Deployment Guide
How to deploy Constellation Engine in production environments.
Docker
Build the Image
# Build fat JAR first
make assembly
# Build Docker image
make docker-build
The Dockerfile uses a multi-stage build:
- Build stage — sbt assembly in a JDK image
- Runtime stage — JRE-only image with non-root user, health check built in
Run with Docker
docker run -d \
-p 8080:8080 \
-e CONSTELLATION_PORT=8080 \
-e JAVA_OPTS="-Xms256m -Xmx1g" \
--name constellation \
constellation-engine:latest
If you use the Module Provider Protocol, also expose the gRPC port:
docker run -d \
-p 8080:8080 \
-p 9090:9090 \
-e CONSTELLATION_PORT=8080 \
-e CONSTELLATION_PROVIDER_PORT=9090 \
-e JAVA_OPTS="-Xms256m -Xmx1g" \
--name constellation \
constellation-engine:latest
Docker Compose
docker-compose up -d
The docker-compose.yml includes health check configuration and environment variable defaults.
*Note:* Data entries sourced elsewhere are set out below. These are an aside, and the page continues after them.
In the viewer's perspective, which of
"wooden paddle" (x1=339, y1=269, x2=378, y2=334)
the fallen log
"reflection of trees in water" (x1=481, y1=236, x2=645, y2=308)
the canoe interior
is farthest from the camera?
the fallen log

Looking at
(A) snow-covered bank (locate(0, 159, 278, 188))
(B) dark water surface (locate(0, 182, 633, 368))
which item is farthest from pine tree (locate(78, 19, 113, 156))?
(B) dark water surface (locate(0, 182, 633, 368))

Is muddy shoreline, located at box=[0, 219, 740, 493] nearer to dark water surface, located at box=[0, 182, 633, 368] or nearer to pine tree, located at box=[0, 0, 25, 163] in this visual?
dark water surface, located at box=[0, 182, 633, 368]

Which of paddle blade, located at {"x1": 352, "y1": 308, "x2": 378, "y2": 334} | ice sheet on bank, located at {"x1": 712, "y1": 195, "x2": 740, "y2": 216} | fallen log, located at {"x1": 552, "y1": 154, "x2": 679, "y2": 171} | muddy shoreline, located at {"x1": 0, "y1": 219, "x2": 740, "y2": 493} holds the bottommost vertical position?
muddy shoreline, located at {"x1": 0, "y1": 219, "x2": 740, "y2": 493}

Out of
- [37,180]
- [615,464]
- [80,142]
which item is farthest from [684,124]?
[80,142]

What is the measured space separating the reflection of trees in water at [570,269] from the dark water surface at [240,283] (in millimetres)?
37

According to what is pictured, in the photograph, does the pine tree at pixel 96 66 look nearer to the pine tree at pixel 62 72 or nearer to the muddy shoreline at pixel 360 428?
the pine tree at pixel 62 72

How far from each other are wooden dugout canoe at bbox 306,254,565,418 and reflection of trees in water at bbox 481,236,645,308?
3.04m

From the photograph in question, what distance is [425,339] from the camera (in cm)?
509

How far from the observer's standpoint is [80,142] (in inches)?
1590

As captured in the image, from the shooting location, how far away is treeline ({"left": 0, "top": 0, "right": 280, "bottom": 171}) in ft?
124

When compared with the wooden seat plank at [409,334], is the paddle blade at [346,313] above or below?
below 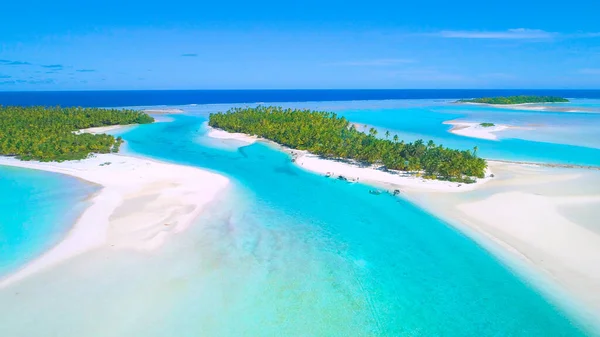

Edit it to enable scheduler, rate limiting, or authentication.
Kubernetes
Manifests are in deploy/k8s/.
Apply Manifests
kubectl apply -f deploy/k8s/namespace.yaml
kubectl apply -f deploy/k8s/configmap.yaml
kubectl apply -f deploy/k8s/deployment.yaml
kubectl apply -f deploy/k8s/service.yaml
What's Included
| Manifest | Description |
|---|---|
namespace.yaml | constellation namespace |
configmap.yaml | Scheduler, rate limit, JVM settings |
deployment.yaml | 2 replicas, probes, resource limits, security context |
service.yaml | ClusterIP service on port 8080 (add port 9090 for module providers) |
Health Probes
The deployment configures:
- Liveness:
GET /health/live— restarts the pod if the process is unresponsive- Initial delay: 30s, period: 10s, timeout: 5s, failure threshold: 3
- Readiness:
GET /health/ready— removes pod from service during draining/startup- Initial delay: 10s, period: 5s, timeout: 3s, failure threshold: 3
Resource Limits
Default limits (adjust for your workload):
resources:
requests:
memory: "512Mi"
cpu: "250m"
limits:
memory: "1Gi"
cpu: "1000m"
Scaling
Constellation Engine is stateless at the HTTP layer. Scale horizontally by increasing replicas:
kubectl scale deployment constellation --replicas=4 -n constellation
Considerations:
- Each instance has its own in-memory compilation cache (no shared cache)
- Pipeline state (compiled DAGs) is per-instance
- For shared state, use a load balancer with session affinity or an external store
Ingress / Load Balancer
Expose the service via your preferred ingress controller:
apiVersion: networking.k8s.io/v1
kind: Ingress
metadata:
name: constellation
namespace: constellation
spec:
rules:
- host: constellation.example.com
http:
paths:
- path: /
pathType: Prefix
backend:
service:
name: constellation
port:
number: 8080
For WebSocket (LSP) support, ensure your ingress supports WebSocket upgrades.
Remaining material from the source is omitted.